Kim Wilson
L'émission "blues" de radio RDL Colmar animée par Jean-Luc et David BAERST

 

Kim, pensez-vous rejouer, un jour, avec Jimmie Vaughan (membre fondateur des Fabulous Thunderbirds qui n'est plus membre du groupe, Nda) ?
Nous avons un nouveau projet ensemble, un hommage à Jimmy Reed (" Jimmy Reed Highway " distribué par Ruf records en Europe, Nda), dont l'enregistrement est terminé. Ce sera un disque réunissant Jimmy, Omar Dykes (du groupe Omar and The Howlers, Nda) ainsi que moi-même.

Nous avons 4 dates de prévues, pour le moment. L'une au Festival de Long Beach, deux au Club Antone's à Austin et la dernière à la House of Blues de Dallas. Je ne sais pas encore si nous aurons d'autres concerts et si nous pourrons venir en Europe avec ce show…

Que devient le Club Antone's depuis la disparition de son propriétaire, Clifford Antone ?
Le Club survit…
Il n'y a, certes, plus de grands artistes qui y passent comme à ses débuts où on pouvait y voir Muddy Waters. A titre personnel, mon plus gros problème est que j'ai perdu mon ami Clifford…

Nous y faisons des choses pour célébrer sa mémoire et à chaque fois qu'ils me demanderont d'y jouer, j'irai! (C'est la sœur de Clifford, Susan, qui manage le Club actuellement avec quelques partenaires, Nda)
A chaque fois que j'y vais, j'essaye encore d'effacer mon nom des murs des toilettes (rires).

Quand est-il du prochain album des Fabulous Thunderbirds ?
Nous avons enregistré de nombreux morceaux pour le prochain disque du groupe. Il y a des titres avec Kid Ramos, avec Kirt Fletcher et d'autres avec Johnny Moeller qui rejoint parfois le groupe (c'est le frère de Jay Moeller, qui est actuellement le batteur du groupe, Nda).
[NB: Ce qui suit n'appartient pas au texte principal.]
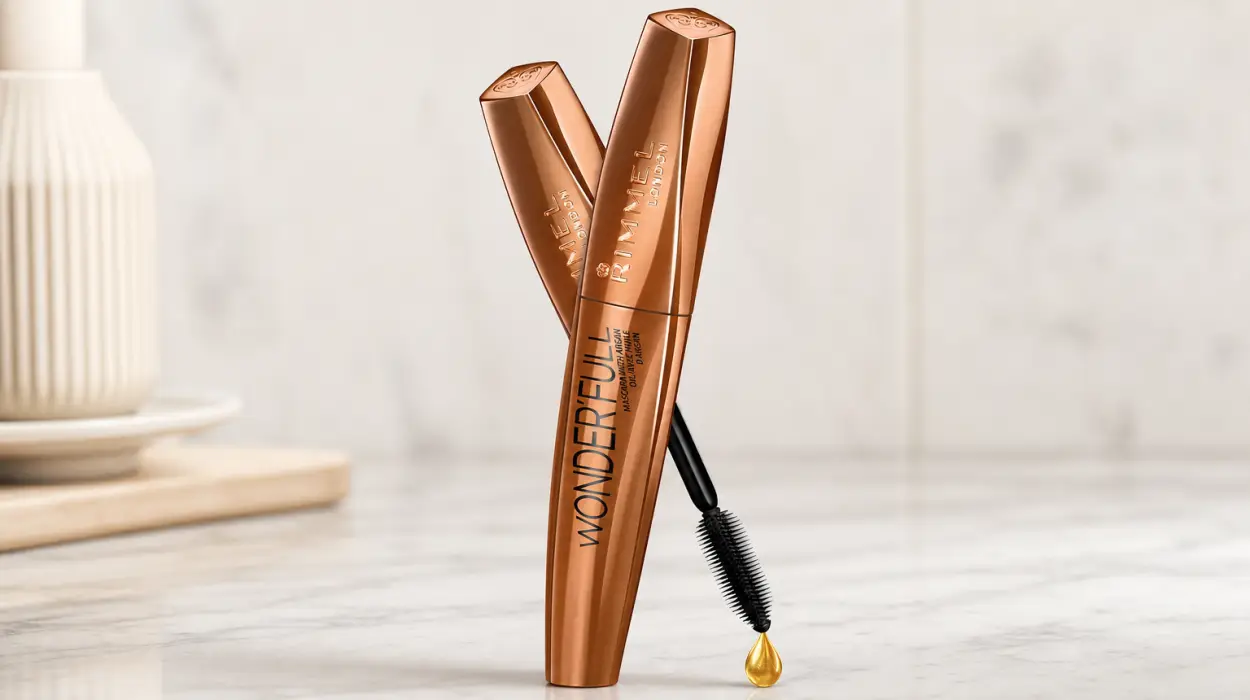 Máscara de pestañas Rimmel London Wonderfull con aceite de argán por sólo 3,22€ (-70%)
Il y a, de ce fait, beaucoup de choses à trier dans tout ce matériel et cela peut prendre un moment.
J'espère, tout de même, que nous pourrons le sortir assez rapidement.

De nombreux guitaristes sont passés par le groupe, pouvons-nous considérer les Fabulous Thunderbirds comme une "école de guitaristes" ?
Ce serait plutôt une porte tournante par où on sort et on rentre (rires)!
Aujourd'hui nous avons Nick Curran qui est jeune et qui commence à prendre beaucoup de maturité.

Il a cependant d'autres goûts musicaux et je sais que les Fabulous Thunderbirds n'est, pour lui, qu'un groupe de passage. Il est temps pour lui de faire autre chose, j'adorerais le voir dans des grands Festivals faire son propre truc…

Nous avons aussi, depuis quelques temps, Johnny Moeller qui a beaucoup mûri à nos côtés. Avec son frère, Jay, à la batterie ça fonctionne très bien et j'ai vraiment hâte de tourner avec lui.
J'espère que cette nouvelle formation va durer…

Ma seule crainte est de me retrouver un jour en panne de guitariste, mais je ne le crois pas (rires) !
J'apprécie le fait que mon groupe ne soit pas fermé. Chacun peut mener sa carrière de son côté…
Nous venons de tourner un mois complet ensemble, ce qui est exceptionnel…

Vous êtes l'un des rares musiciens blancs à avoir été invité par BB King pour son disque " Blues Summit ", avez-vous une anecdote sur l'enregistrement ?
Oh oui j'en ai beaucoup dont une, en particulier, que je ne peux vraiment pas raconter (rires), John Lee Hooker était aussi impliqué dans cette histoire !
Il ne faut pas être impressionné par ce genre d'évènements. Il faut le vouloir et avoir des standards assez élevés pour jouer cette musique, quelque soit la couleur de votre peau.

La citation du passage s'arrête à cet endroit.